I spoke with a man who said that Loving with Purpose helped him understand dating again after his wife passed away over a year ago. I wanted to share his words in case there was someone else reaching out for some guidance on dating after losing a loved one.
He told me about his recent dating experience; probably his first after being a married guy for over forty years. Now, at sixty-six years old, he has to begin again…and as anyone who dates knows, it’s tough out there.
He told me that he treated his date like a lady; a princess, in fact. Offering flowers at each enc0unter, taking her to the finest of restaurants, and giving her extra special attention throughout the ten or more dates. Sounds good so far, yes???
He has always been under the impression that treating someone kindly, with special attention shown to the details, meant that typically that same appreciation or treatment would be reflected back on him. Sounds right, right???
Unfortunately, there are many women unaccustomed to being treated so well. His kindness and attention were probably a bit overwhelming to the normal, every day gal on the dating scene. Most guys don’t go to so much effort, so quickly, to show a woman they care. Plus, this man just started dating after forty years of marriage! He wasn’t ready for the plunge.
Now he understands what he needed to do. He needed to take the dating process much slower; taking time to learn who she is and what she wanted out of the connection. You can’t say anything bad about what he did in the dating experience, except people aren’t used to so much special attention. We take a little longer to warm up, especially when dating. Sure, there are always exceptions to the rule, but we are talking norm here.
Flowers on occasion are great, good food…always, but a little mystery as you move through the date will keep the flame lit while the two of you get to know each other.

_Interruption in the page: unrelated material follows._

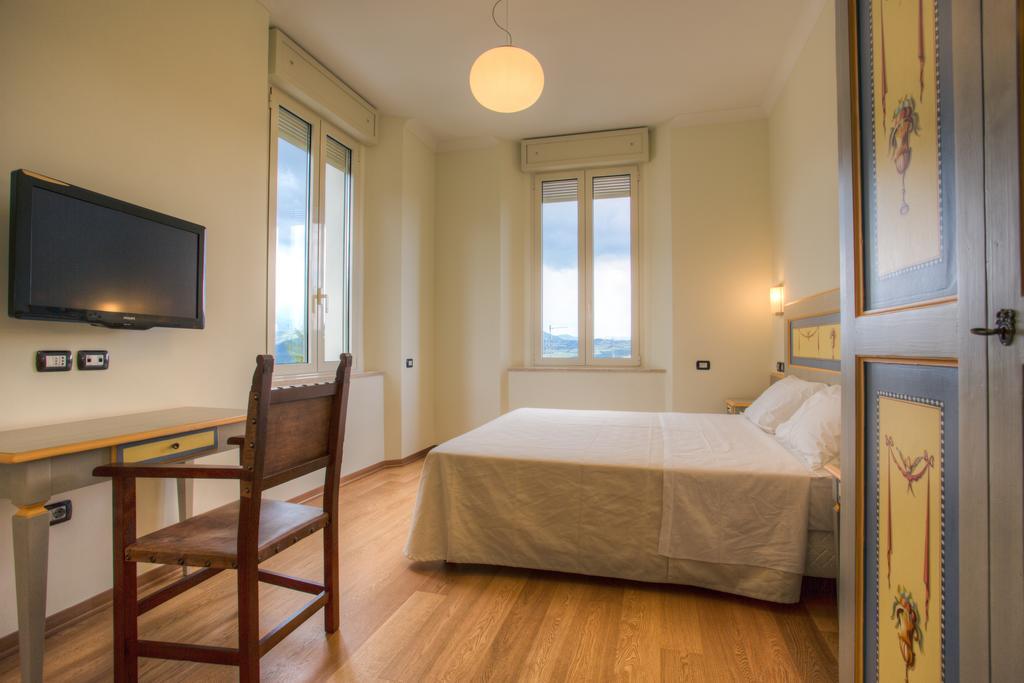 Hotel Il Duca Del Montefeltro Pennabilli Room photo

His need of knowledge is one of the biggest reasons I wrote Loving with Purpose. I’ve been there, I know what dating has to offer, and I believe there is a better way than what I either did or accepted in the process.
We all have to start somewhere. Beginning with information makes the whole process go much smoother.
Before we talked, here’s the message he left for me. “Kim, I wanted to let you know that I’m reading the book you wrote. I’m just about a couple pages away from finishing it and I wanted to tell you how much I appreciate the book and your work. In reading some of the chapters, I just wish that I would have read this book several months ago instead of reading it now. In any event, I wanted to tell you how much I appreciate your work and the quality of writing you offered. I found the book interesting and insightful. Thank you very much for writing it and I appreciated reading it.”